To speak, or not to speak, that is the question? by Moksha Mishra

While I had conversations with several people who have faced sexual abuse at some point in their life, I came across these three most concerning thoughts that really shush the victims from speaking up about their abusers and refrain them from asking for help.
“Tell this to your friends or family”, it’s easier said than done. Innumerable thoughts encompass the victim making him/her feel as if they permitted the abuse by remaining silent or because they experienced a physical pleasure because of the abuse.
Sometimes, even if a person gathers the courage to speak about it, (s)he is not believed, is silenced or is blamed for carrying themselves in a certain way. To speak, or not to speak, becomes the question.
It’s extremely important to understand that IT’S NOT THE VICTIM’S FAULT IN ANY OF THE ABOVE CONDITIONS. A victim can not be blamed because (s)he was unable to avoid the abuser. At the same time, people who have faced sexual abuse should also know that it’s the abuser and only the abuser who is at fault for such an act. You should speak up about it, let other people know about the kind of person they share their space with and always start sharing such an experience with someone who trusts you and is willing to back you no matter what. Share the strength and eventually you will definitely find the courage to fight against such acts.
Most of the people who shared their struggles in speaking up about it, realised how they should have spoken about it earlier while sharing it with me today. The conversations helped me to understand that all they need is someone who can listen to them and guide them out of their disturbed peace of mind that not only the abuse but the dilemmas that follow it can cause.
To speak, or not to speak, should NOT be the question. Change the approach in order to make the environment strict for the abusers, not the victims.

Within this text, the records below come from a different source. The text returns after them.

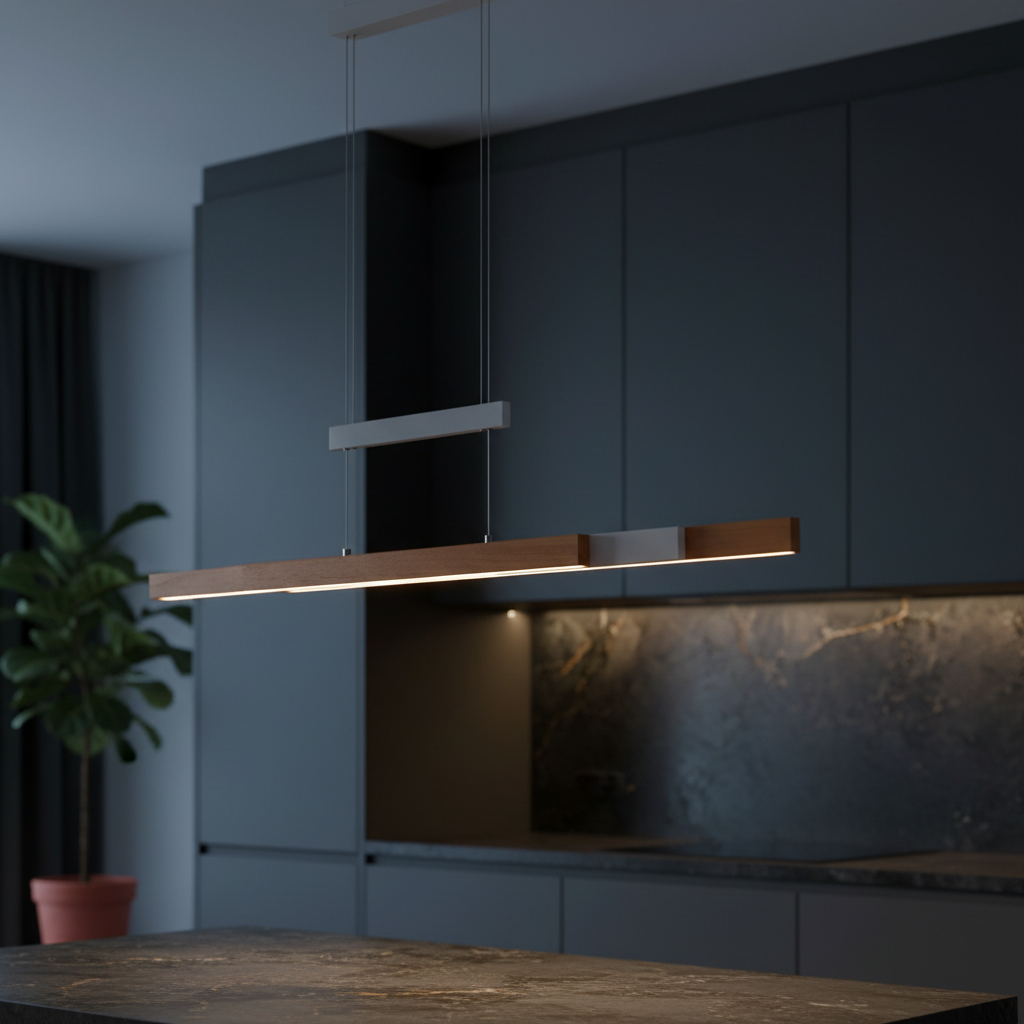 Lustra LED Suspendata White & Wood Design 150CM ENZO Liniara Echivalent 350W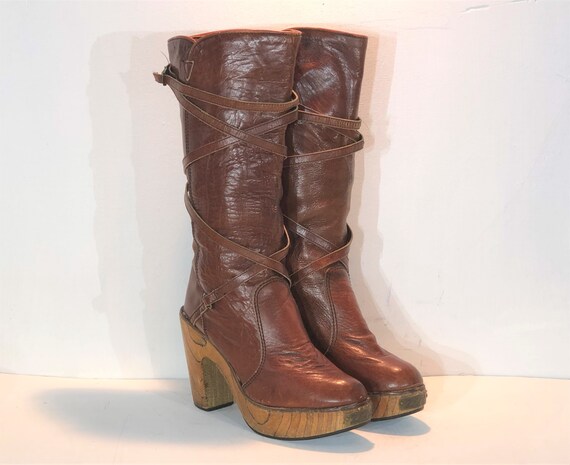 1970s Zodiac brown leather tigerwood platform boot
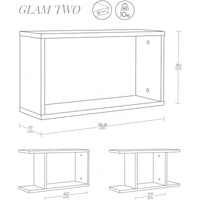 Mensola da Parete Bianca 56.8x30x17 cm - Ripiano Multiuso per Bagno, Camera, Cucina o Ufficio - Libreria Sospesa con Tasselli, Made in Italy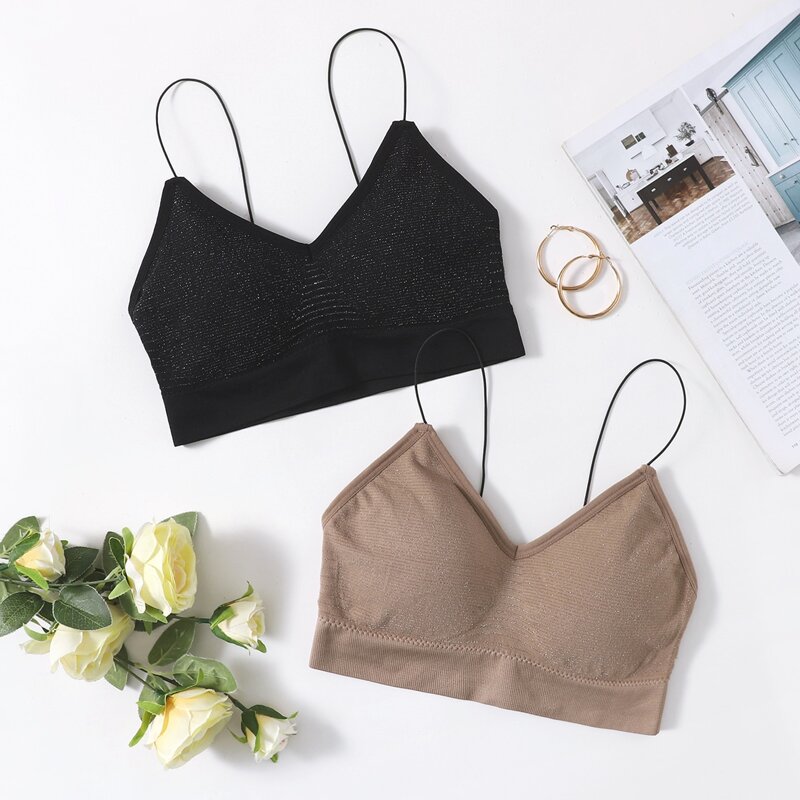 

2pack Glitter Bralette Set, Multicolor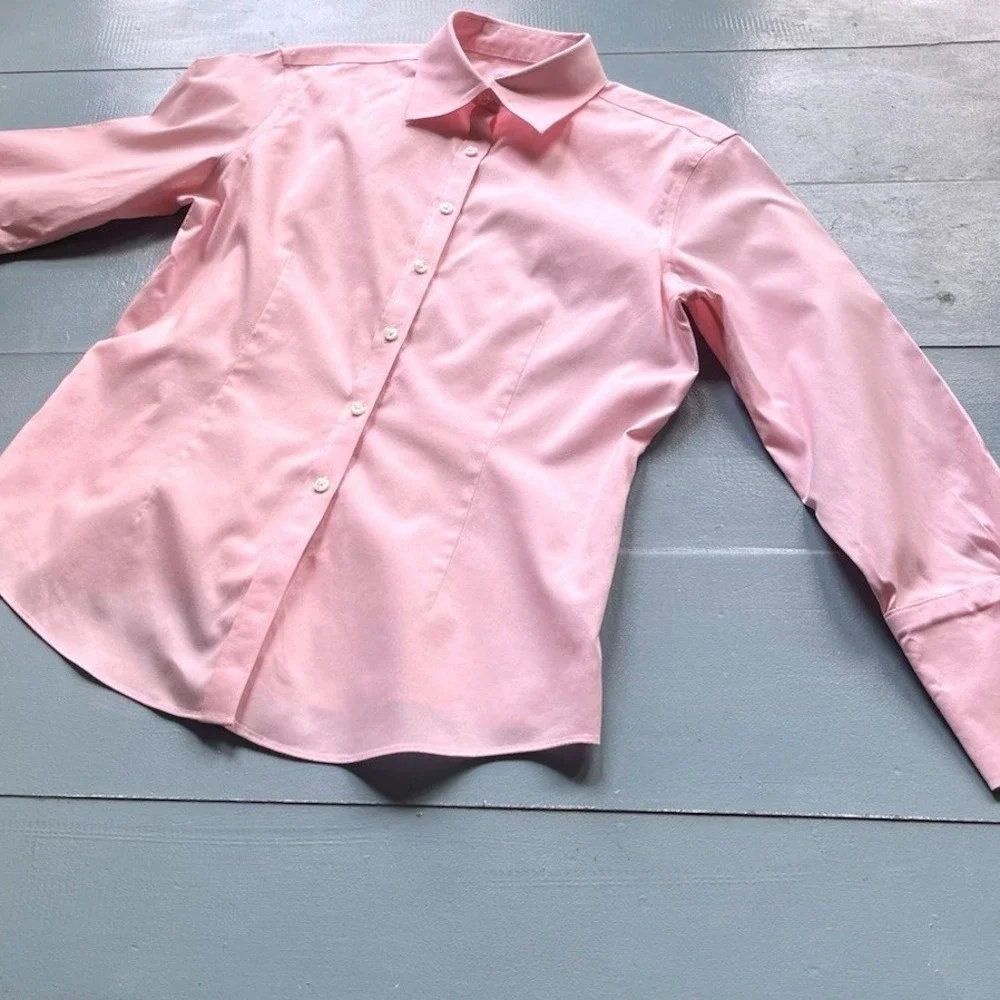 Brooks Brothers Pink 3/4 Sleeve‎ Button Down Shirt Women's 4 Preppy Classic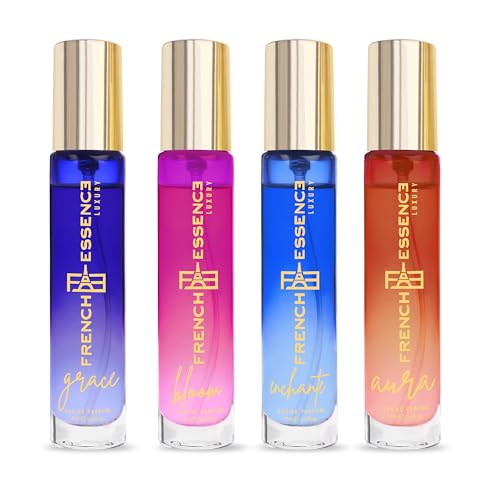 Image of French Essence Luxury Eau De Parfum Gift Set for Women With Grace, Bloom, Enchante, Aura Long Lasting Fragrance Perfume For Woman 4x15ml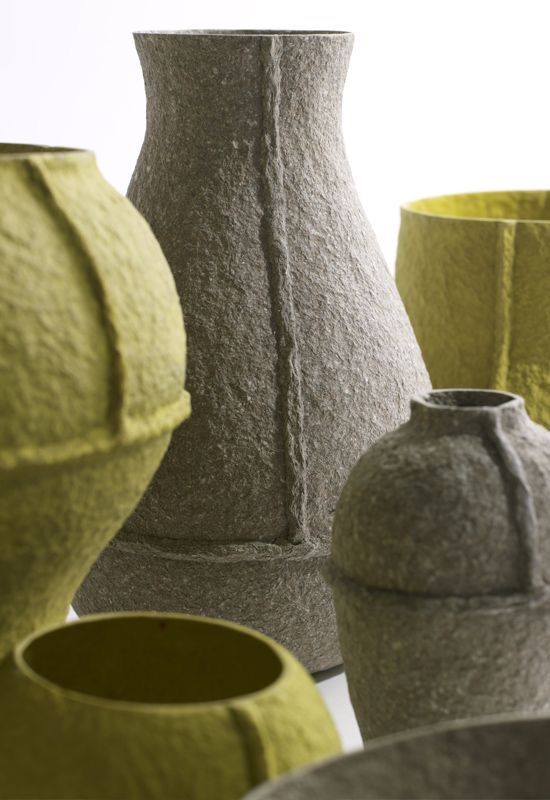 Textured pulp vessels in grey and chartreuse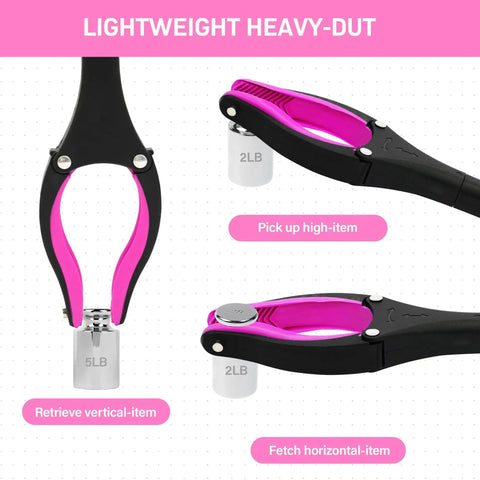2 Pack 32 Inch GrabRunner Reacher Grabber Tool With Strong Magnetic Swivel Head In Pink shown picking vertical and horizontal items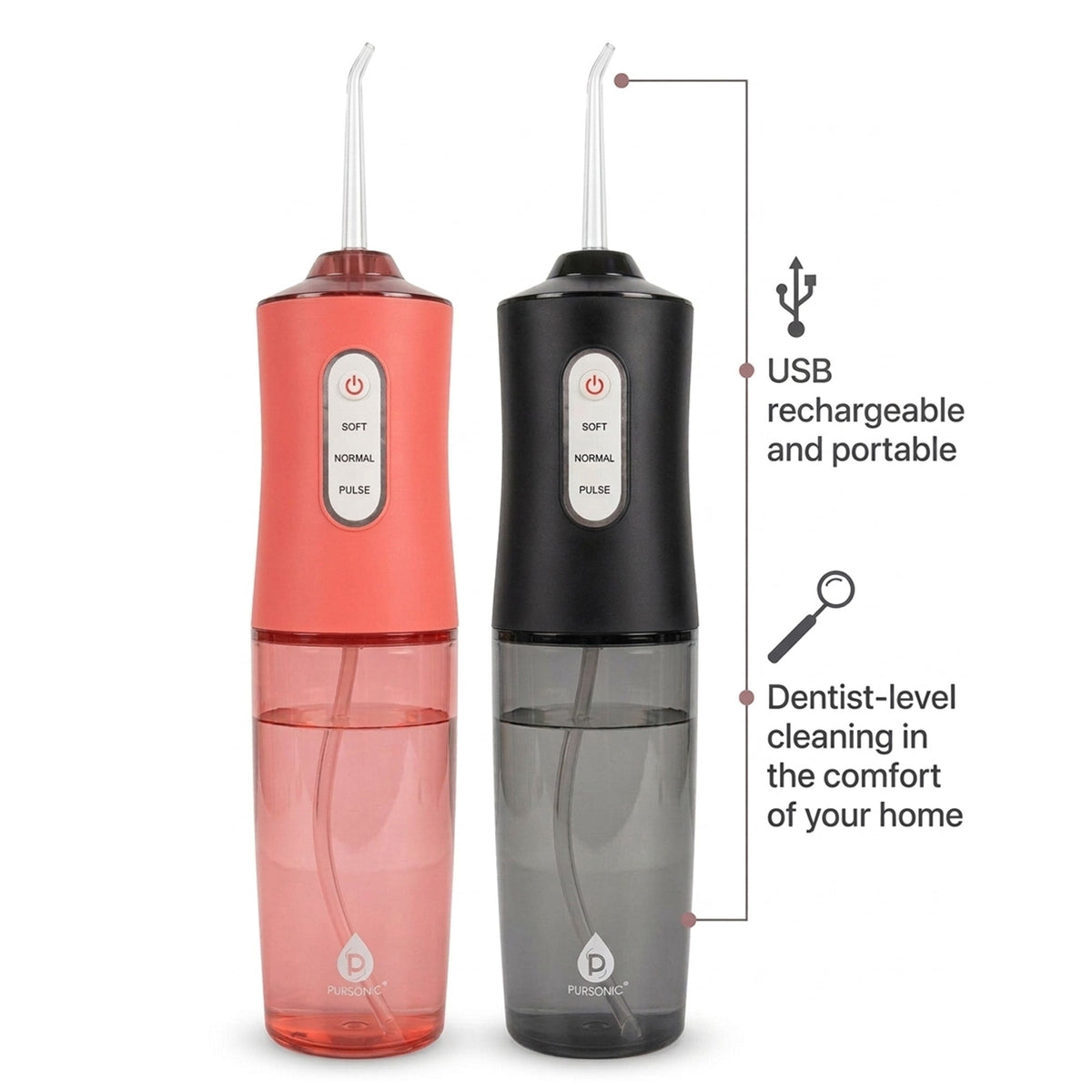 Him’s and Her’s – Pursonic USB Rechargeable Water Flossers (Black & Pink)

2 Replies to “To speak, or not to speak, that is the question? by Moksha Mishra”

  • You have highlighted a major concern! It’s so easy for us to suggest or advice the other person to open up in front of their family or friends, while the victim might still feel anxious or terrified, the brutal incident might have affected their mental and emotional health!
    It’s so important for us to establish good communication and connection while being open for conversations about such topics, to make the other person feel comfortable sharing.